◆ **What the task requires**: In the copy, keep every word of the data below and none of its pictures.

◆ **Data provided**:
--------------------------------

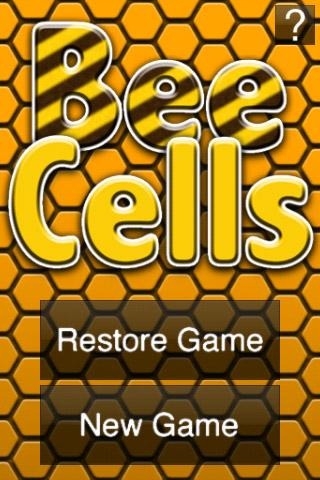 蜜蜂细胞 1.22 安卓版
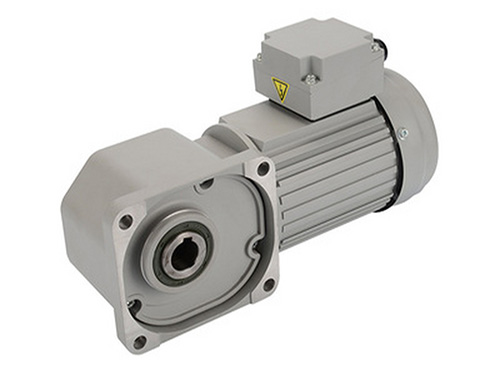 微型減速電機(jī)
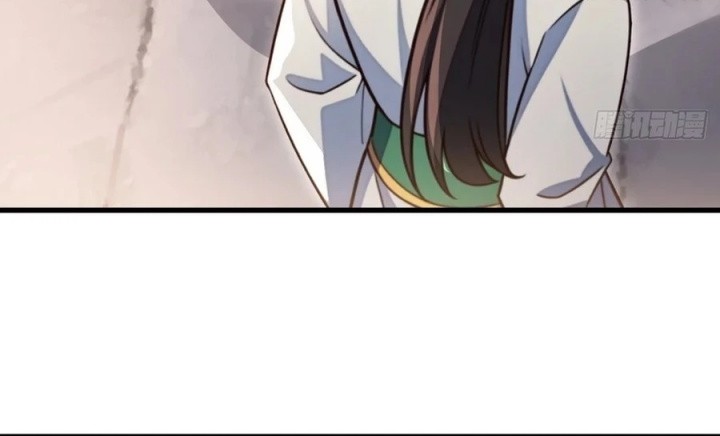 The Villain Wants to Live One More Day Chapter 28 - halaman 13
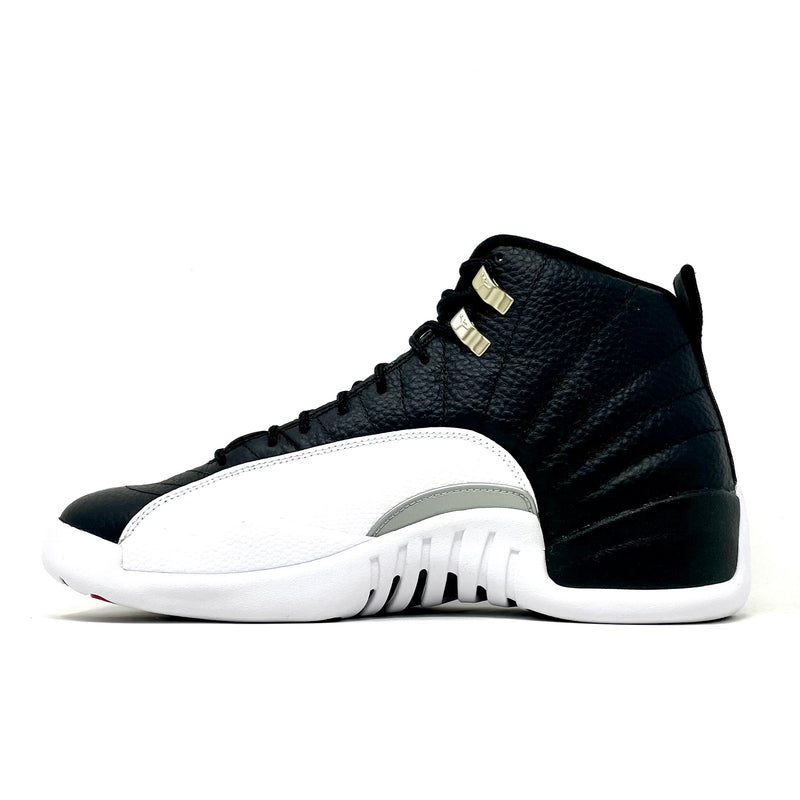 Air Jordan 12 Retro 'Playoffs' (2022)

--------------------------------

◆ **Answer for the task**:
 蜜蜂细胞 1.22 安卓版
 微型減速電機(jī)
 The Villain Wants to Live One More Day Chapter 28 - halaman 13
 Air Jordan 12 Retro 'Playoffs' (2022)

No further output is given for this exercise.